One way to seal the frac plug is to drop the sealing ball from the
surface after the packer is set. Although ultimately the ball will
reach the ball seat and the frac plug will perform its desired
function, it takes time for the sealing ball to reach the ball
seat, and as the ball is pumped downwardly a substantial amount of
fluid can be lost through the frac plug.
The ball may also be run into the well with the packer. Fluid loss
and lost time to get the ball seated can still be a problem,
however, especially in deviated wells. Some wells are deviated to
such an extent that even though the ball is run into the well with
the packer, the sealing ball can drift away from the packer as it
is lowered into the well through the deviated portions thereof As
is well known, some wells deviate such that they become horizontal
or at some portions may even angle slightly upwardly. In those
cases, the sealing ball can be separated from the packer a great
distance in the well. Thus, a large amount of fluid and time is
taken to get the sealing ball moved to the ball seat, so that the
frac plug seals the well to prevent flow therethrough. Thus, while
standard frac plugs work well, there is a need for a frac plug
which will allow for flow therethrough until it is set in the well
and the sealing ball engages the ball seat, but that can be set
with a minimal amount of fluid loss and loss of time. The present
invention meets that need.
Another object of the present invention is to provide a downhole
tool that will not spin as it is drilled out. When the drillable
tools described herein are drilled out, the lower portion of the
tool being drilled out will be displaced downwardly in the well
once the upper portion of the tool is drilled through. If there is
another tool in the well therebelow, the portion of the partially
drilled tool will be displaced downwardly in the well and will
engage the tool therebelow. As the drill is lowered into the well
and engages the portion of the tool that has dropped in the well,
that portion of the tool sometimes has a tendency to spin and thus
can take longer than is desired to drill out. Thus, there is a need
for a downhole tool which will not spin when an undrilled portion
of that tool engages another tool in the well as it is being
drilled out of the well.
SUMMARY OF THE INVENTION
The present invention provides a downhole tool for sealing a
wellbore. The downhole tool comprises a frac plug which comprises a
packer having a ball seat defined therein and a sealing ball for
engaging the ball seat. The packer has an upper end, a lower end
and a longitudinal flow passage therethrough. The frac plug of the
present invention also has a ball cage disposed at the upper end of
the packer. The sealing ball is disposed in the ball cage and thus
is prevented from moving past a predetermined distance away from
the ball seat. The packer includes a packer mandrel having an upper
and lower end, and has an inner surface that defines the
longitudinal flow passage. The ball seat is defined by the mandrel,
and more particularly by the inner surface thereof.

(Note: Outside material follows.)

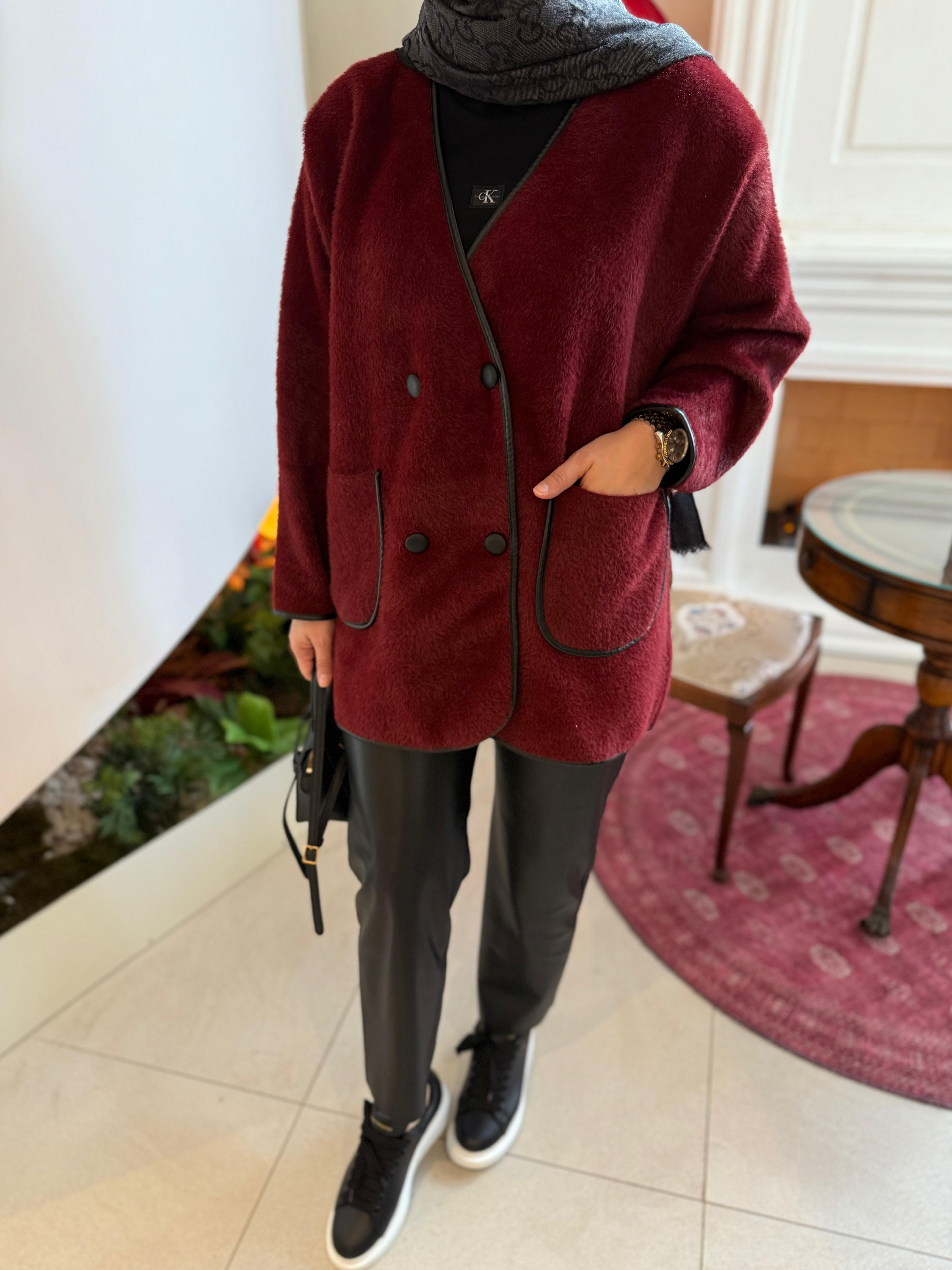 Deri biyeli angora hırka bordo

A spring may be disposed in the mandrel and has an upper end that
engages the sealing ball. The spring has a spring force such that
it will keep the sealing ball from engaging the ball seat until a
predetermined flow in the well is achieved. Once the predetermined
flow rate is reached, the sealing ball will compress the spring and
will engage the ball seat to close the longitudinal flow passage.

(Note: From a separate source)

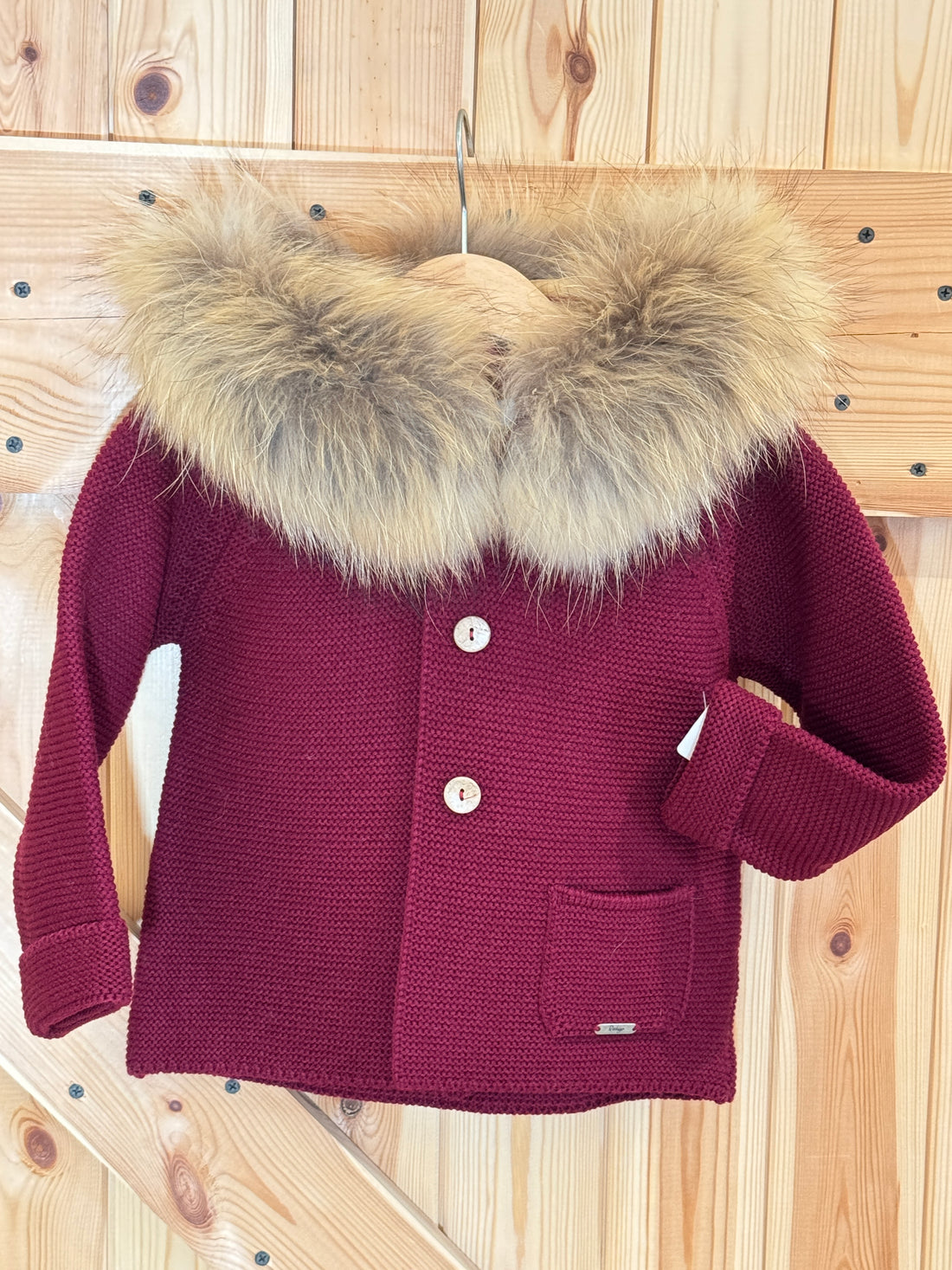 Trenka granate con pelo natural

Flow downwardly through the longitudinal flow passage is prevented
when the sealing ball engages the ball seat. The present invention
may be used with or without the spring.
The packer includes slips and a sealing element disposed about the
mandrel such that when it is set in the wellbore and when the
sealing ball is engaged with the ball seat, no flow past the frac
plug is allowed. A slurry or other fluid may thus be directed into
the formation above the frac plug. The ball cage has a plurality of
flow ports therein so that fluid may pass therethrough into the
longitudinal central opening thus allowing for fluid flow through
the frac plug when the packer is set but the sealing ball has not
engaged the ball seat. Fluid can flow through the frac plug so long
as the flow rate is below the rate which will overcome the spring
force and cause the sealing ball to engage the ball seat. Thus, one
object of the present invention is to provide a frac plug which
allows for flow therethrough but which alleviates the amount of
fluid loss and loss of time normally required for seating a ball on
the ball seat of a frac plug. Additional objects and advantages of
the invention will become apparent as the following detailed
description of the preferred embodiment is read in conjunction with
the drawings which illustrate such preferred embodiment.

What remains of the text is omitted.